Sakit mata membuatku perfikir beberapa hal. Untungnya sakit mataku cuma sebelah, yang sebelahnya lagi baik-baik saja.

Bagai mana jika sakit di mata kiri dan kananku ya?
Lantas kuingat film-film yang tokoh utamanya orang buta, yang kemana-mana mesti menggunakan tongkat. Kemudian, aku membayangkan menjadi orang buta. Selanjutnya kufikirkan bagaimana dengan kuliahku, sanggupkah aku lulus jika mendadak buta? Kalau diperhatikan di film-film kan, orang yang butanya mendadak cenderung shock dan mengurung diri, berbeda dengan orang yang sejak lahir buta. Selanjutnya aku berguman, "untung hanya sakit mata. Alhamdulillah"

Aku sakit mata di hari raya, di hari dimana sudah sepatutnya ku keliling ke rumah sanak saudara dan tetangga. 

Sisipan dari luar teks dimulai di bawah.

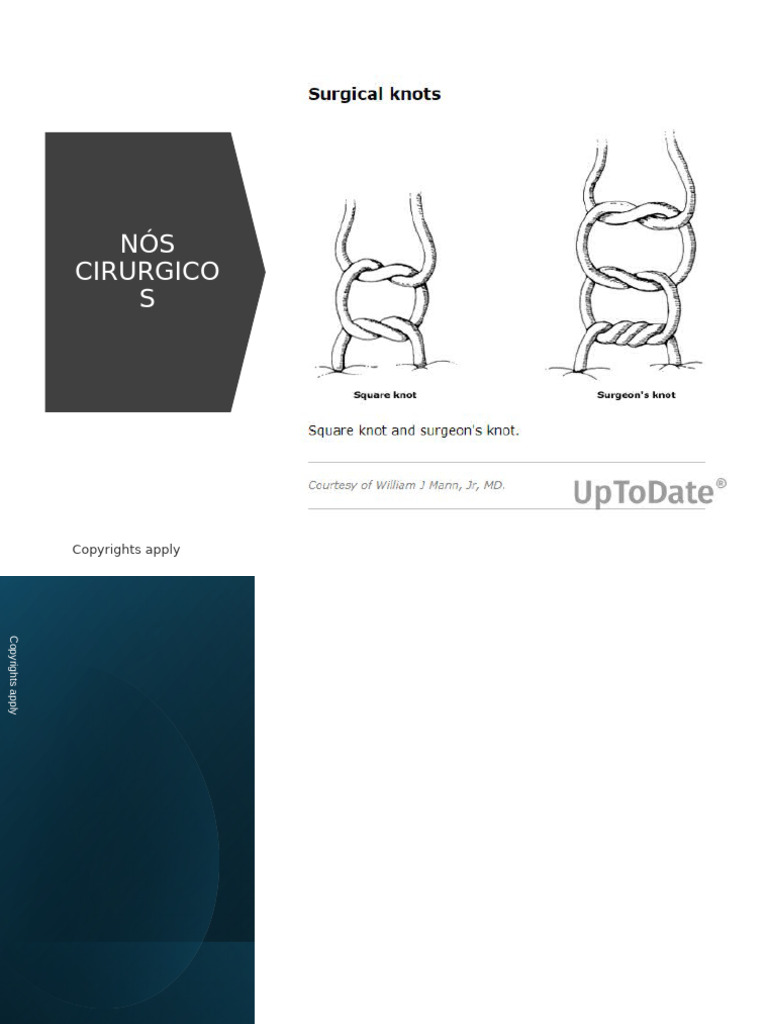 Surgical Knots | PDF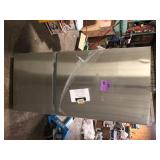 Vissani 18.7 cu. ft. Bottom Freezer Refrigerator in Stainless Steel Damaged Customer Returns See Pictures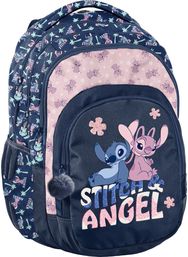 Kuprinė DISNEY STITCH, 38 cm, mėlynos sp.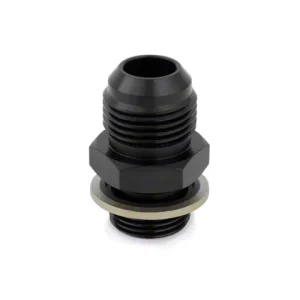 Mishimoto Sandwich Plate Fitting; M20 x -10AN(Universal; Some Adaptation May Be Required)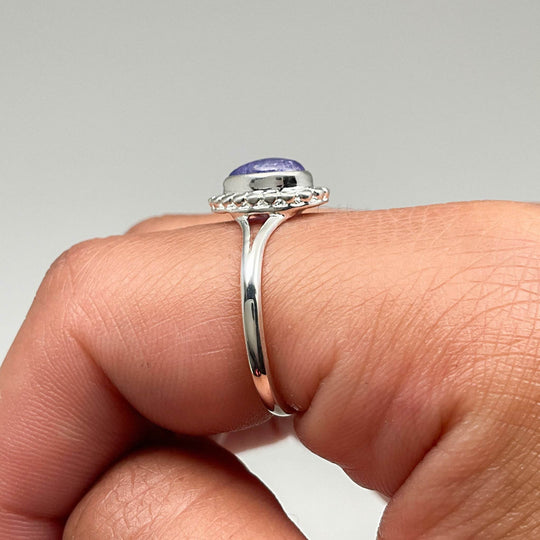 Tanzanite Ring-Rocks and Gems Canada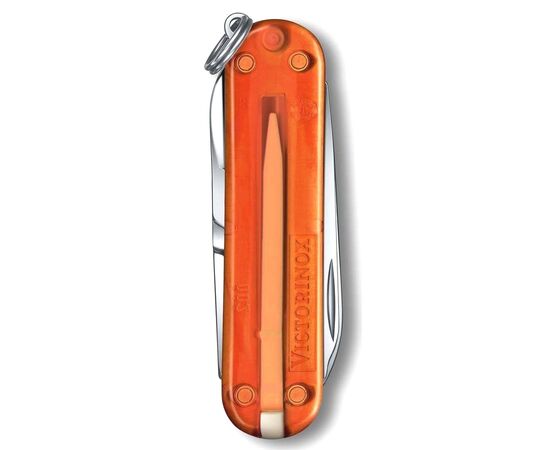  Нож перочинный Victorinox Classic Fire Opal (0.6223.T82G) 58мм 7функц. карт.коробка 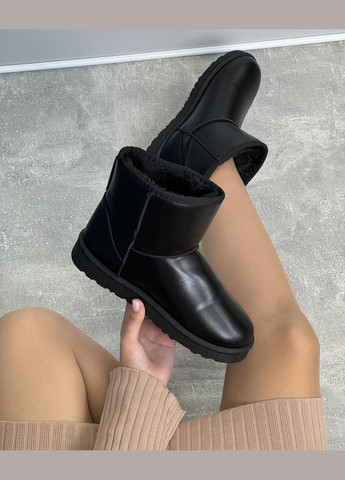 Уггі жіночі зимові чорні No Brand Зимові (318449752)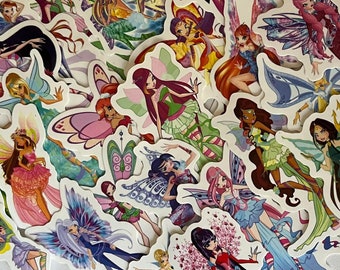 Winx Club Stickers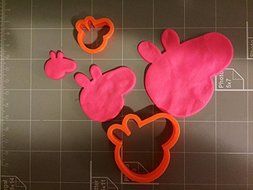 Pig Cookie Cutter (3 Inch) N2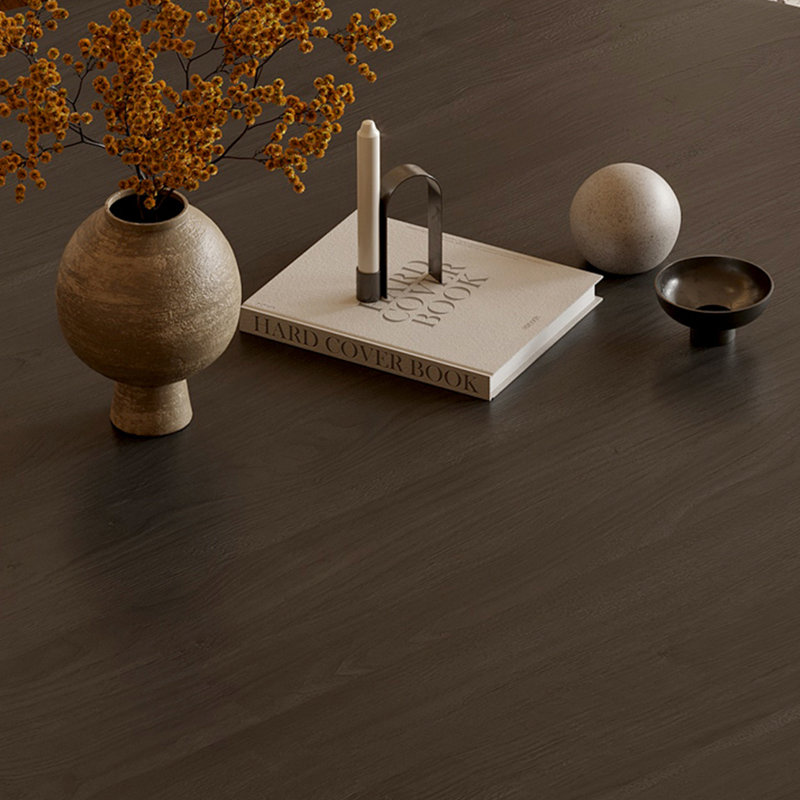 Table de salle à manger ronde de style médiéval, H 29,52 po x L 53,14 po x l 53,14 po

Hal ini membuatku ingat, jika ku hanya bisa balik ke kampung saat liburan tiba, itupun tak lama. Untuk berkunjung ke rumah saudara dan tetangga, hanya jika ada kepentingan saja dan kepentingan dengan mereka tak datang kapan saja. Keluarga di rumah tidak termasuk orang yang dituakan para saudara dan tetangga, karna orang tuaku masuk golongan masih muda. Di tempatku, tradisinya orang yang muda mengunjungi mereka yang dituakan. 

Sakit mata memberiku alasan untum tetap di rumah, tak apa tak usah berkunjung, kan bisa-bisa sakit mata tambah parah. Atau hanya menemui kakek dan kakak orang tua, tak apa. 

Tapi... lagi-lagi ingat jika pintu rumah setiap orang serentak terbuka lebar hanya saat lebaran. Berkunjung menjadi hal sangat wajar yang tak perlu ditanya ada urusan apa hanya saat lebaran. Moment ketika tak perlu merasa tak enak karna mendadak berkunjung dan merepotkan si tuan rumah, ya... saat lebaran. Makin dewasa ku makin mengerti betapa besarnya nikmat lebaran. 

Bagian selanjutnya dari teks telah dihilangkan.